Multiple updates's or a single large one?
I'm building a system employing Data Access Objects to abstract the database completely, now, I'm not a newbie in the matters of DBMS behaviors but I don't know of is update behaviors.
So, the system is something like this..
There is a base object which is called an "entity" this possess basic attributes like the entities id, the owners id, time created, etc.
The base object is then extend by, let's say, a user entity, which possesses other basic attributes like username, password, email, etc.
This user entity is then extend by the Agent entity which in turn possesses attributes like, office address, office phone, etc.
A single large update will look something like this,
The update may join up to 5,6 tables each having perhaps 6-10 attributes.
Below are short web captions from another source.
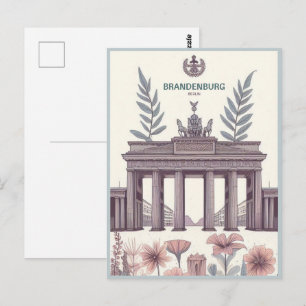 Postal Puerta de Brandeburgo - puerta de berlín, viaje de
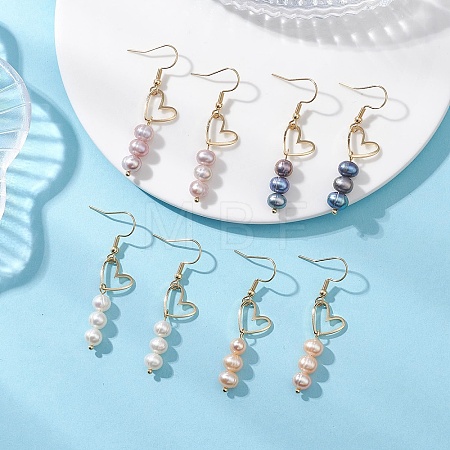 Brass Heart with Pearl Beads Pendants Dangle Earrings EJEW-JE06901-1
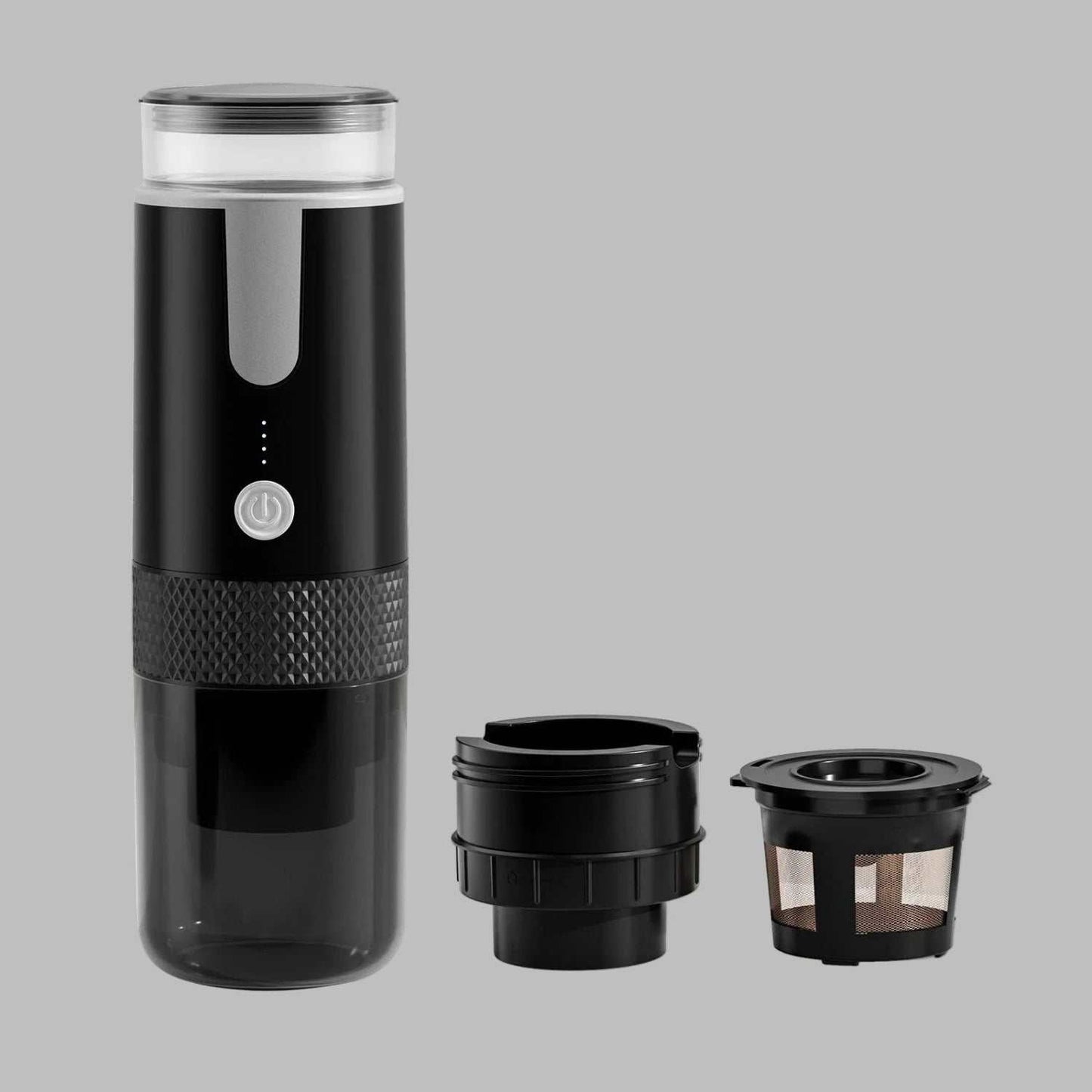 Portable coffee brewer with rechargeable battery, compatible with coffee capsules and powder, compact and lightweight for travel and outdoor use
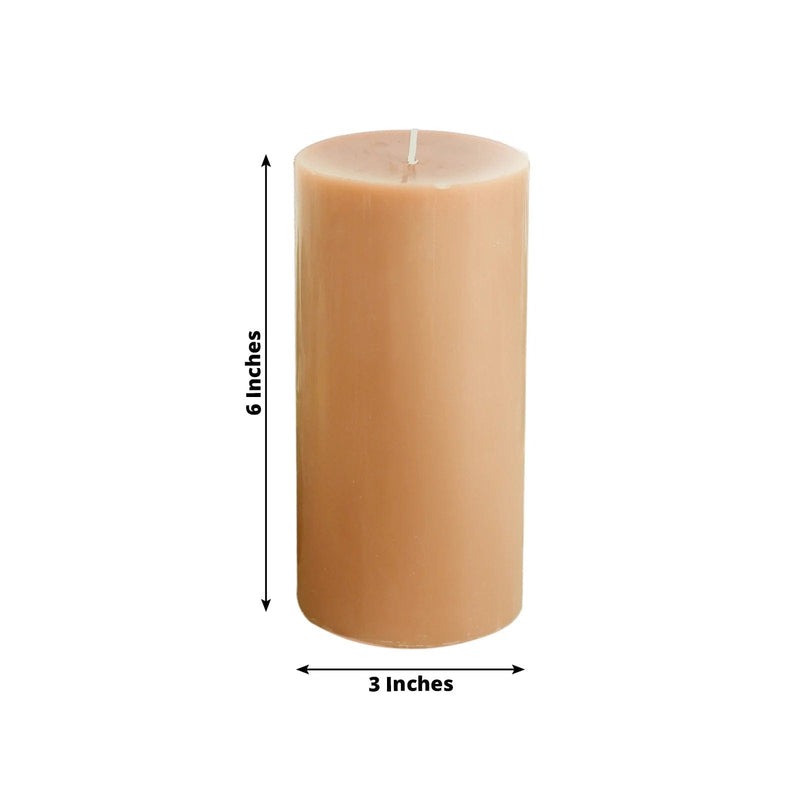 6 Round 3" x 6" Dripless Unscented Pillar Candles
This system coupled with Zend's ORM insures maximum code portability, the reason this is so important is because we're employing both Microsoft SQL servers, MySQL servers and a Key Value database modeled after Tokyo Tyrant ( I'll be adding custom support to the ORM for this ). The reason for this is PHP it to slow handle some of the data handling we'll be doing so part of the company independently developed and deployed the scraping server in C# & MSSQL which is archetypal to our application. So, some users, like agents may be on the server sharing a connection with the MSSQL server while others may be on the MySQL servers ( cost efficiency, hardware is cheap, software is not ). So, it really makes no sense to fork the source in such a way that the individual copies have queries which are molded around the particularities of the DBMS they're interacting with, thus this system was born.